With Memorial Day and the start of summer right around the corner, it’s an appropriate time to remind parents and caregivers that children are extremely vulnerable to heatstroke when left unattended in hot cars. Taking the time to learn how to safeguard children from car heatstroke may be the most important activity you do today.
The statistics on child deaths from heatstroke are brutal – and totally preventable. According to Safe Kids USA, more than 500 children across the United States have died from hyperthermia (heatstroke) in cars since 1998. That’s about 33 deaths per year. Some states have a higher reported child fatality record than others. For example, of the 33 child heatstroke deaths in cars reported in 2011, eight occurred in Texas. The record number of Texas child heatstroke deaths occurred in 2010, with 12 of 49 cases occurring in the Lone Star State.
What’s even more tragic is that more than half of these annual child heatstroke deaths occurred because the parent or caregiver forgot the child was in the vehicle before leaving to go into work, shopping or tend to other errands. Other reasons for the child fatalities were that the child became trapped when playing inside the vehicle, or the parents or other caregivers intentionally left the child alone in the car for just a few minutes.

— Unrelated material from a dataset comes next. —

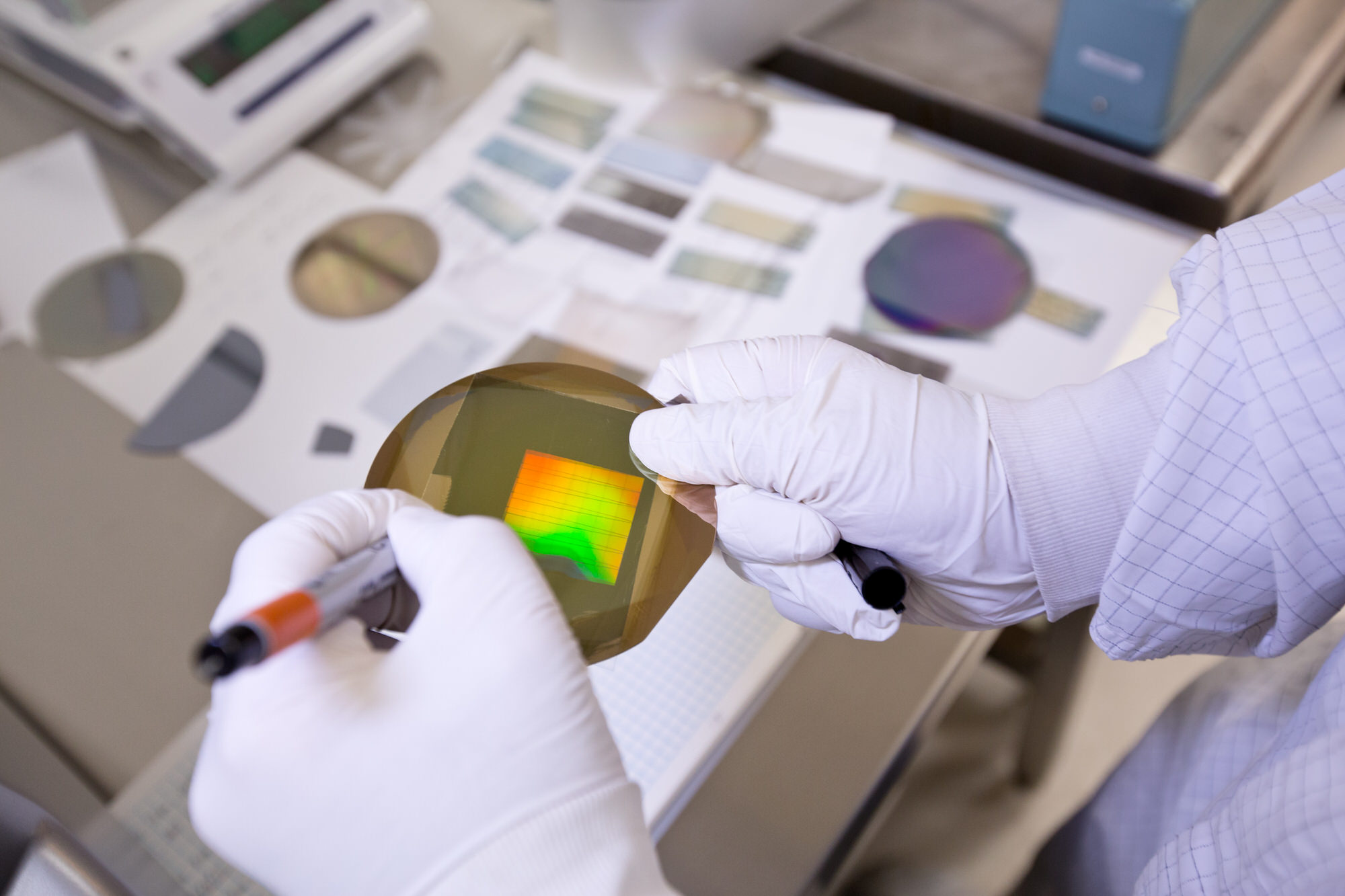 Gloved hands holding microchip materials above a table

It may not seem all that hot outside, but the fact is that a child can suffer heatstroke and die when left inside a car on a 72-degree day. That’s because small children’s bodies heat up five times faster than an adult’s. And, it only takes a very short time for the car’s interior to heat up. How short? In 10 minutes or less, the inside of the car can heat up 20 degrees – and the temperature continues to rise after that.
How to safeguard children from car heatstroke really is a matter of remembering to ACT:
Avoid child heatstroke injury and death by
Never leaving your child alone in a car unattended, even for just a few minutes
Consistently checking unattended cars to ensure doors and trunks are locked
Create reminders and habits to provide a “safety net” for your child by
- Establishing a “peace of mind” plan by calling or texting all other caregivers when you drop off your child at daycare, so the whereabouts of your child is always known
- Place needed items in back seat so that you have to look in the back seat to retrieve them before you exit and leave the vehicle. These items may include your purse, cell phone, tablet, briefcase or gym bag
- Set an alarm on your cell phone or calendar on our computer to remind you to drop off your child at daycare
- Take Action whenever you see an unattended child left in a vehicle. The best thing to do is to dial 911 and let the operator know the location and circumstances. The 911 operator is trained to deal with these types of circumstances and can immediately summon emergency personnel and/or give instructions you should follow if they determine the child is in imminent danger.
Remember that it only takes a few seconds to do the right thing to safeguard your children from car heatstroke. Get into the habit of ACTing in a responsible and loving manner and you can help prevent a tragedy that you’ll never forgive yourself for.